The Queen of the Forest, Petrified Forest near Calistoga

Estimated age: 1,800 years old

The Queen is not just an ancient redwood, she’s also extremely old.

She was first spotted in 1870, on a fire-swept slope near Calistoga. Renowned dinosaur bone hunter Othneil Charles Marsh was scouting the newly-cleared soil when he spied a log half buried in the ground.

What made the log interesting was that it was stone. Upslope, he found more stone trunks - petrified trees - some stretching 60 feet long and 12 feet across. Back at Yale University, Marsh identified them. They were all redwoods.

Petrification is a process that happens over a vast span of time. Wood cells are completely replaced by minerals, leaving a perfect rock replica of bark, heartwood and branches.

The petrified redwoods are still there, frozen in their grove, in the Petrified Forest near Calistoga, which is open to the public.

It’s estimated that when the Queen fell, she was already at least 1,800 years old. The volcanic ash that buried and preserved her came from Mount Saint Helena when the volcano erupted 4 million years ago.

The Queen’s particular species of redwood is different than our modern sequoia siempervirens.

At one time, scientists have learned, there were as many as 12 different redwood species worldwide. Their fossils have been found around the globe, evidence of the vast redwood forests that once grew.

According to the Redwood League, only 5% of the original 2.2 million acres remain of the tall trees that existed in California before the Gold Rush.

The redwoods still living in Sonoma County are true survivors, the hardy and lucky few, of a truly ancient lineage.

Stephen Nett is a Bodega Bay-based Certified California Naturalist, writer and speaker. Contact him at snett@californiasparks.com.

Ever wonder how experts calculate a redwood's age?

Accurately estimating how old these giants are can be tricky, because age is not necessarily related to the size of the tree, according to Kristen Shive, director of science at Save the Redwoods League. Young trees that grow fast in moist, rich canyons can be larger than much older stalwarts that have had to struggle with poor soil or limited water.

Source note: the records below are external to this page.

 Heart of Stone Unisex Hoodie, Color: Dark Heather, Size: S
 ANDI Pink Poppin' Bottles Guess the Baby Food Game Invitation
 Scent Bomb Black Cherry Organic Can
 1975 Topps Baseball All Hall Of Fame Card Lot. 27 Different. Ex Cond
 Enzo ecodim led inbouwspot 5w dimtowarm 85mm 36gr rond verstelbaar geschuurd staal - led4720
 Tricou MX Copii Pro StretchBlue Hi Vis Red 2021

Counting tree rings, visible when a tree is cut down, is a standard way to measure a tree's age. Tree rings are alternating light and dark rings of tissue that trees add as they grow. Most trees add one ring for each year of growth. But counting them isn't as straightforward as it seems. Scientists have found that, with coast redwoods, sometimes the rings merge, disappear or are simply missing.

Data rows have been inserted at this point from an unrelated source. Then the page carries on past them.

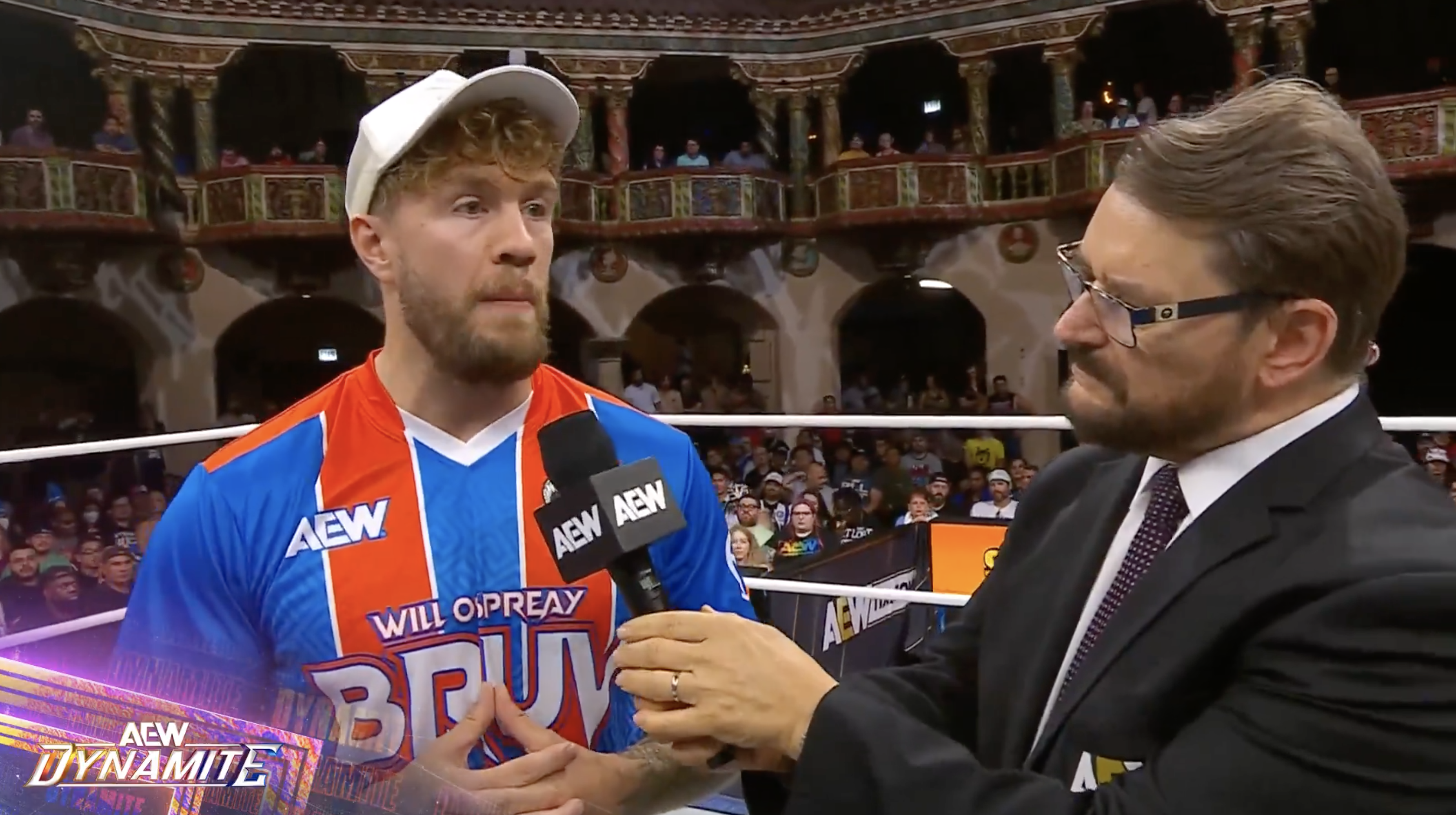 AEW Dynamite Will Ospreay Tony Schiavone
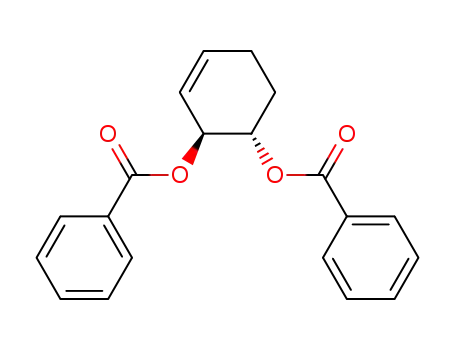 Molecular Structure of 89966-40-5 (3-Cyclohexene-1,2-diol, dibenzoate, trans-)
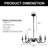 Trautman 6 - Light Dimmable Geometric Chandelier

And of course, counting every tree ring means the tree has to be cut down.

Pencil thin cores can be extracted from a tree using a specially-designed tool, but the tool can only bore about three feet deep, not far enough to reach the center of a giant that has diameter of 12 feet.

So the short answer is that, while experts are confident coast redwood trees can live longer than 2,200 years, most of the tree ages in Sonoma parks are best estimates, usually based on fallen trees of similar girths.